**Your instructions:**
Your answer must restate each entry below word for word, with no pictures in it.

**Supplied material:**

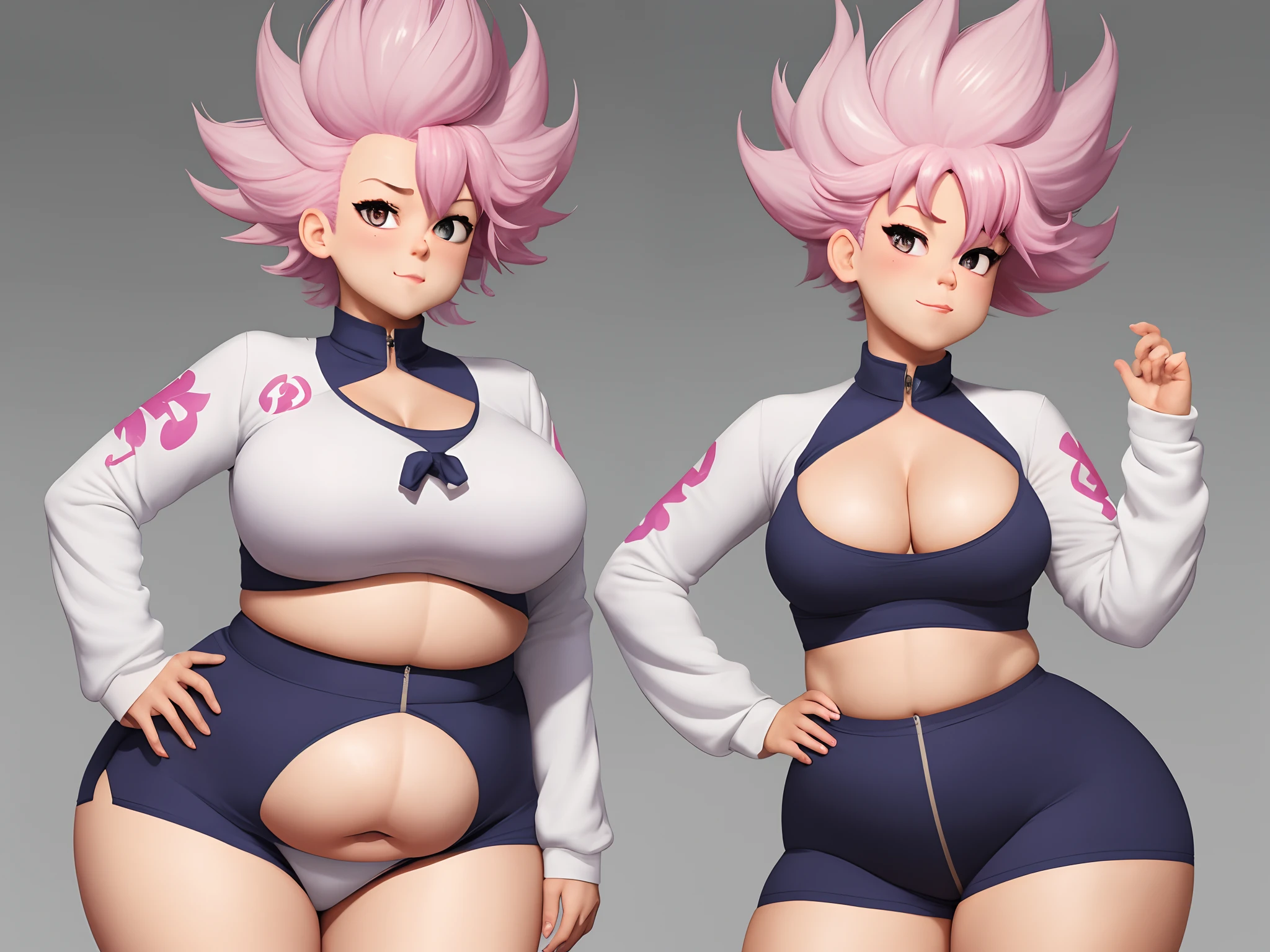 Mina ashido fat
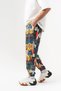 Cat Society Pleated Shalwar with Elastic Waist and Cuffs - 4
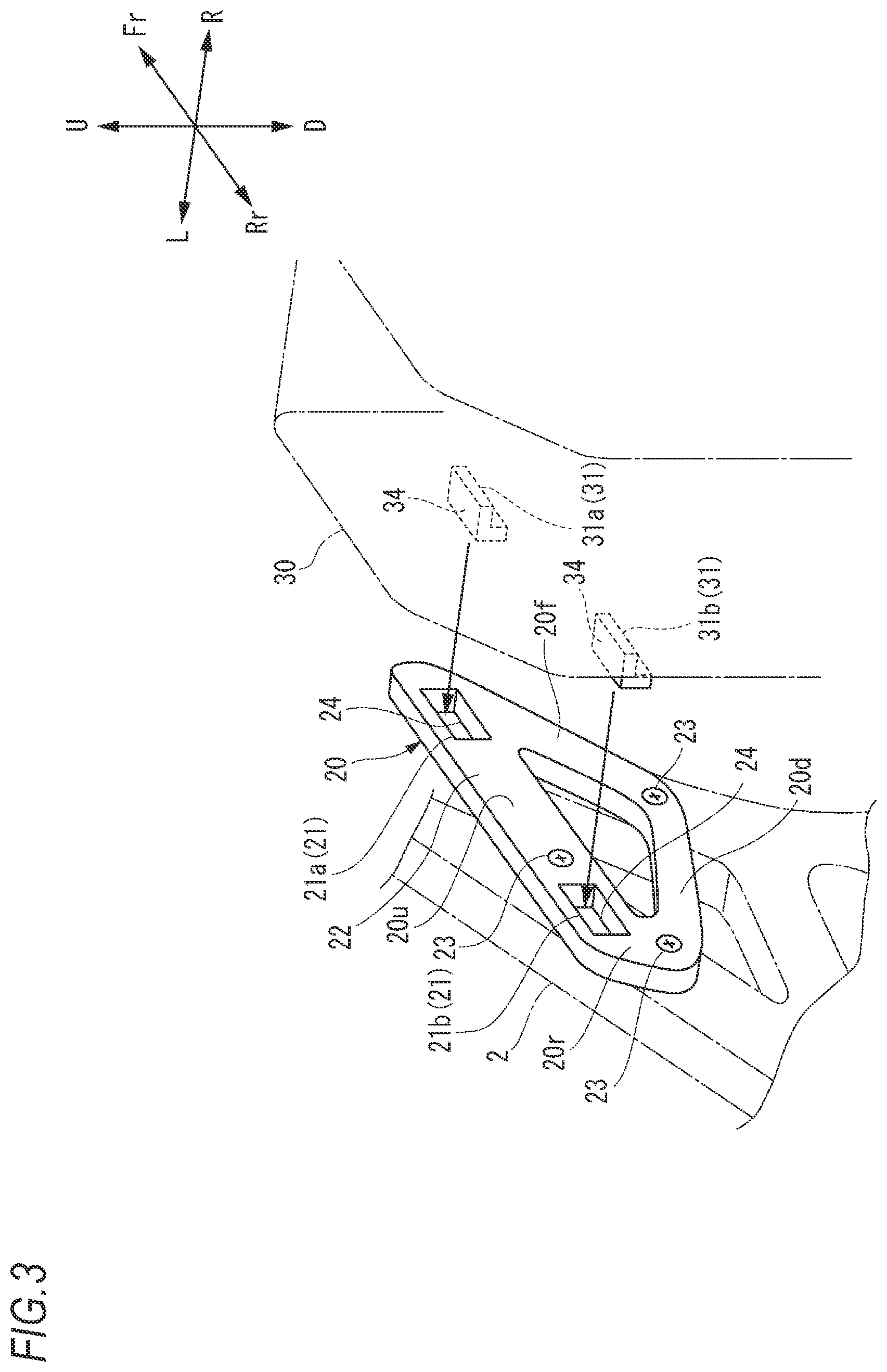 Patent US11780527 Figure 3 – Straddle-type vehicle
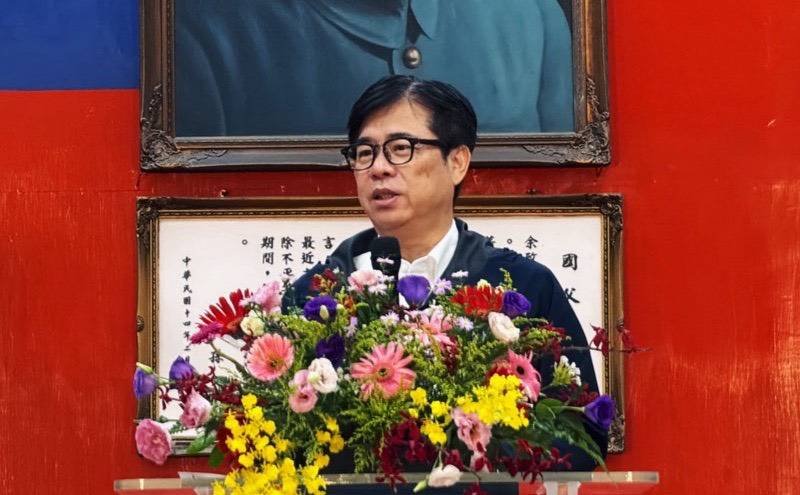 警察節慶祝大會隆重登場 五星市長陳其邁表揚績優警察 肯定守護高雄卓越貢獻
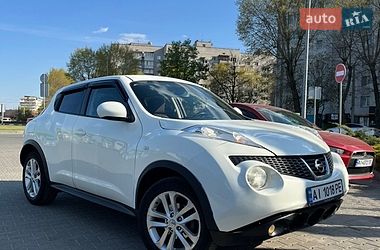 Внедорожник / Кроссовер Nissan Juke 2010 в Боярке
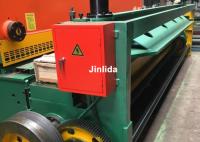 exactitude de Mesh Shearing Machine With High de production de Gabion de fil de 4.5m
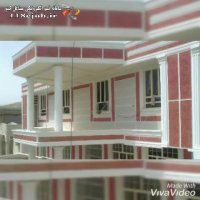 طراحی و ساخت نمای رومی ساختمان زبردست در بندر عباس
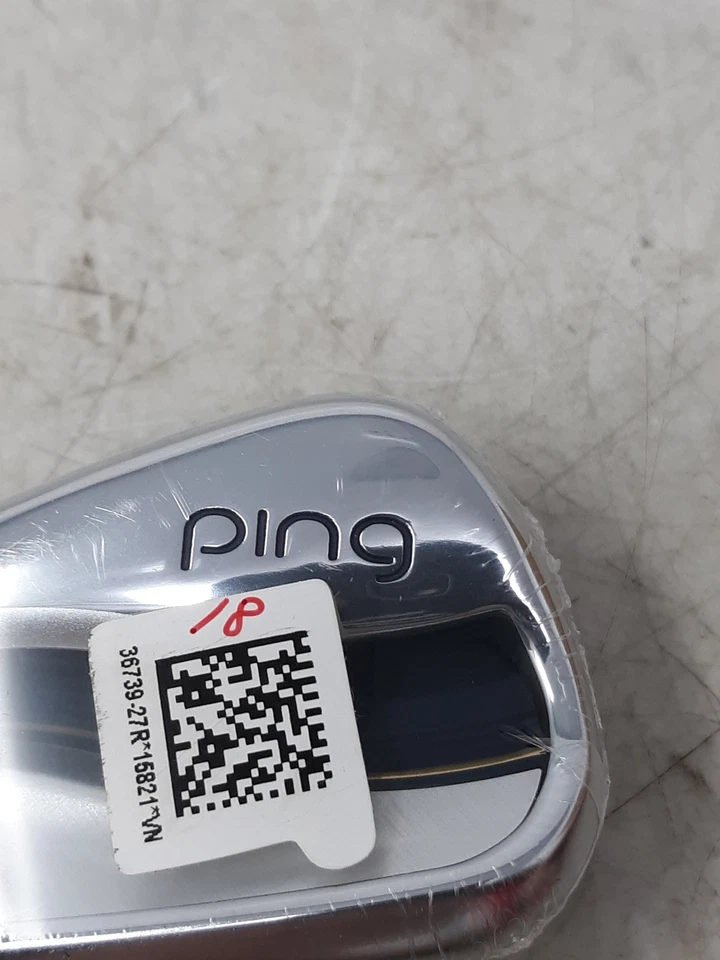 Club de golf Ping G Le3 7 rojo hierro para zurdos (solo cabeza) Foto 2 de 4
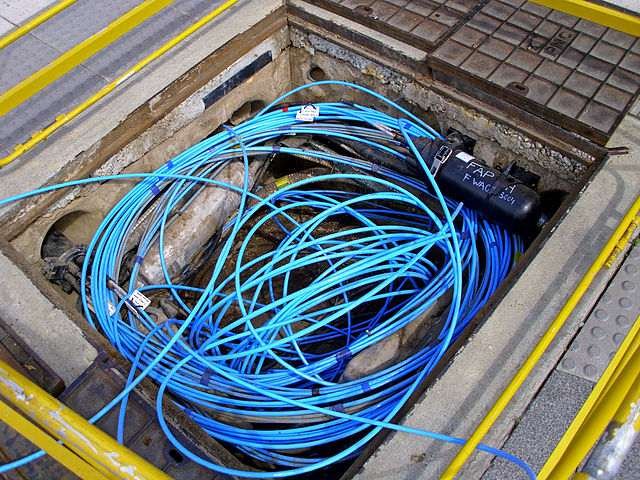 Gabon - The development of fiber optic network content
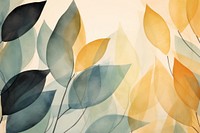 Eucalyptus leaves backgrounds abstract painting. 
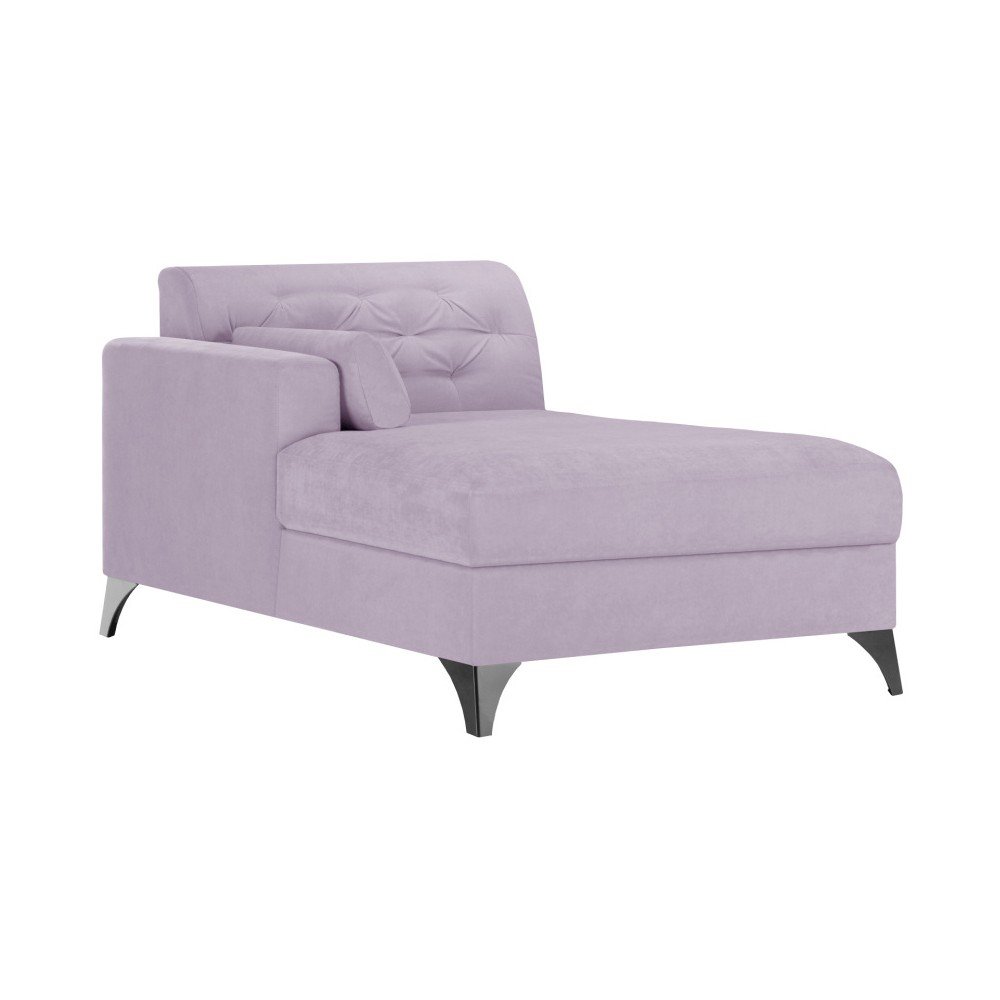 Světle fialová lenoška Guy Laroche Vanity, levý roh v:840846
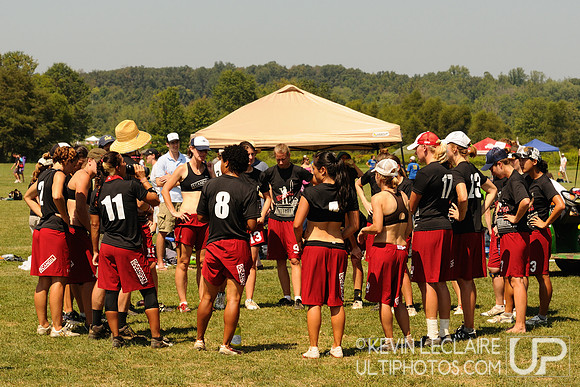 Sunday Elite Women's Playoffs -- Chesapeake Open 2010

**Result:**
 Mina ashido fat
 Cat Society Pleated Shalwar with Elastic Waist and Cuffs - 4
 Patent US11780527 Figure 3 – Straddle-type vehicle
 警察節慶祝大會隆重登場 五星市長陳其邁表揚績優警察 肯定守護高雄卓越貢獻
 Внедорожник / Кроссовер Nissan Juke 2010 в Боярке
 exactitude de Mesh Shearing Machine With High de production de Gabion de fil de 4.5m
 طراحی و ساخت نمای رومی ساختمان زبردست در بندر عباس
 Club de golf Ping G Le3 7 rojo hierro para zurdos (solo cabeza) Foto 2 de 4
 Gabon - The development of fiber optic network content
 Eucalyptus leaves backgrounds abstract painting. 
 Světle fialová lenoška Guy Laroche Vanity, levý roh v:840846
 Sunday Elite Women's Playoffs -- Chesapeake Open 2010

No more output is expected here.